In fact, striking from operational bases in the Maestrazgo, the Cuencas Mineras and the Montes Universales, a number of guerrilla bands roamed the province. This was the case of, among others, the ‘Espartaco’ band, a libertarian band commanded by ‘Modesto‘, a miner from Armillas and its offshoots, such as the groups led by ‘El Zagal‘ (a young anarchist from Escucha), ‘El Macho‘ (Justiniano García) and ‘El Chaval‘ (Pedro Acosta), the latter pair being both libertarians and natives of Utrillas, or the socialist guerrilla band under the command of ‘El Soriano‘. Other guerrilla leaders included ‘Rabós‘ and ‘Petrol‘ (José Ramia Ciprés), both of them from Aguaviva, or ‘Paco el Serrano‘ (Francisco Serrano Iranzo) and his partner ‘La Pastora‘ (Teresa Plá), both of them from Castellote, ‘El Pinchol‘ (Florencio Guillén), a native of Gúdar, ‘Jalisco‘, or ‘Pepito de Mosqueruela‘, ‘Delicado‘ from Teruel itself, or the group led by Alcañiz anarchist Paco Antolín. By 1947, which saw maquisard activities in Aragon at a high point, the Communist Party-led Agrupación Guerrillera de Levante y Aragón (ALGA = Levante-Aragon Guerrilla Grouping), ‘Ricardo‘ (Pelegrín Pérez) stood out as possibly the best of the maquis commanders operating in Teruel province. 

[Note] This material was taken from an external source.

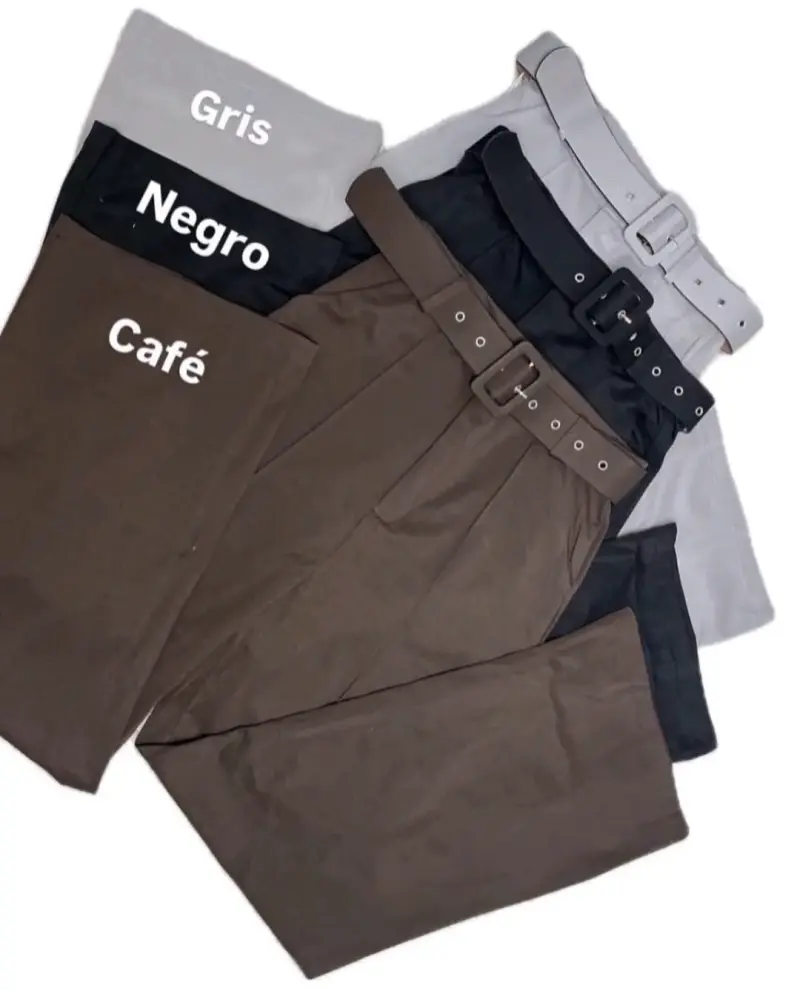 Pantalón sastre beige con cinturón elegante - 3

The significance of maquisard activity in the province is evident also from the official sources. According to these, during this time the province of Teruel recorded: gun-battles with the forces of order (73), deaths among the civilian population (43), kidnappings (27), sabotage attacks (57), hold-ups (302), guerrillas killed (105), guerrillas wounded (32), guerrillas captured (67), guerrillas turning themselves in (10), guerrilla couriers arrested (812), fatalities among the forces of order (120) and security forces wounded (320). As we can see, there was a significant number of Teruel residents arrested for cooperating with the maquis, as well as in hold-ups, to which we have to add fines levied on police narks and informants. In addition to maquisard losses, to the figures for the dead we should add the executions of a number of police torturers or informers, local Francoist bigwigs such as the mayors of Villar del Cobo, El Cuervo, Tramacastiel or the Civil Guard sergeant and doctor in Mas de las Matas. Such operations merely served to trigger, under General Pizarro’s supervision, the very violent repression which was a feature of the anti-guerrilla drive in Teruel.

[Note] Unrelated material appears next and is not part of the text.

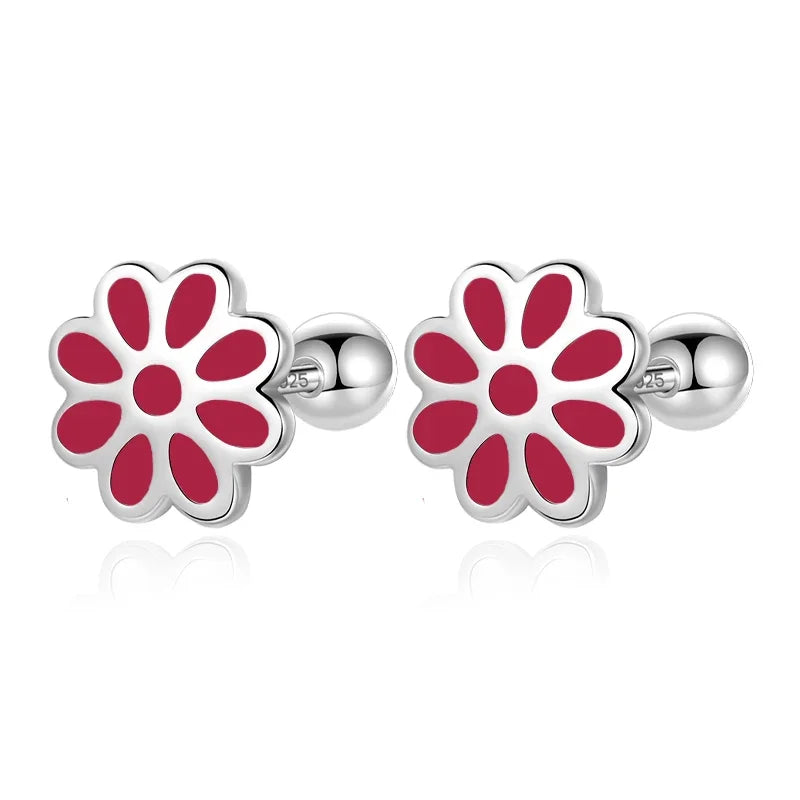 TrustDavis Real 925 Sterling Silver Casual Glaze Flower Screw Stud Earrings For Women Wedding Valentine's Day Jewelry DS4591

The main guerrilla operations in 1947 were the blowing-up and derailment of the central Aragon railroad between Barracas and Rubielos (7 May 1947), the hold-up of the payroll train in Caudé (July), an attack on two Civil Guard lorries on the road from Tragacete to Teruel (3 December), resulting in 12 deaths and several people wounded and a brutal retaliation, or the take-over of a number of towns like Sarrión, Foz Calanda or La Cerollera. In the case of La Cerollera, taken over on a date of great resonance for the dictatorship - 18 July 1947 [the 11th anniversary of the Francoist revolt] - the town was overrun by a group of guerrillas who passed themselves off as members of the Republican Army. Instructions were immediately issued to the effect that one person from every household should report to the square where, in front of a placard reading “Peasants: the guerrillas of Levante are your protectors”, portraits of Franco and [Falangist founder] José Antonio [Primo de Rivera] were burned and the tricolour flag of the Republic hoisted over the town hall. Later, in the cemetery, tribute was paid to a number of deceased maquisards: after a singing of the ‘Guerrilla’s Anthem’ and the firing of a volley of shots, the fighters then headed back to the hills, but not before they had shaken hands with the local mayor and justice of the peace. 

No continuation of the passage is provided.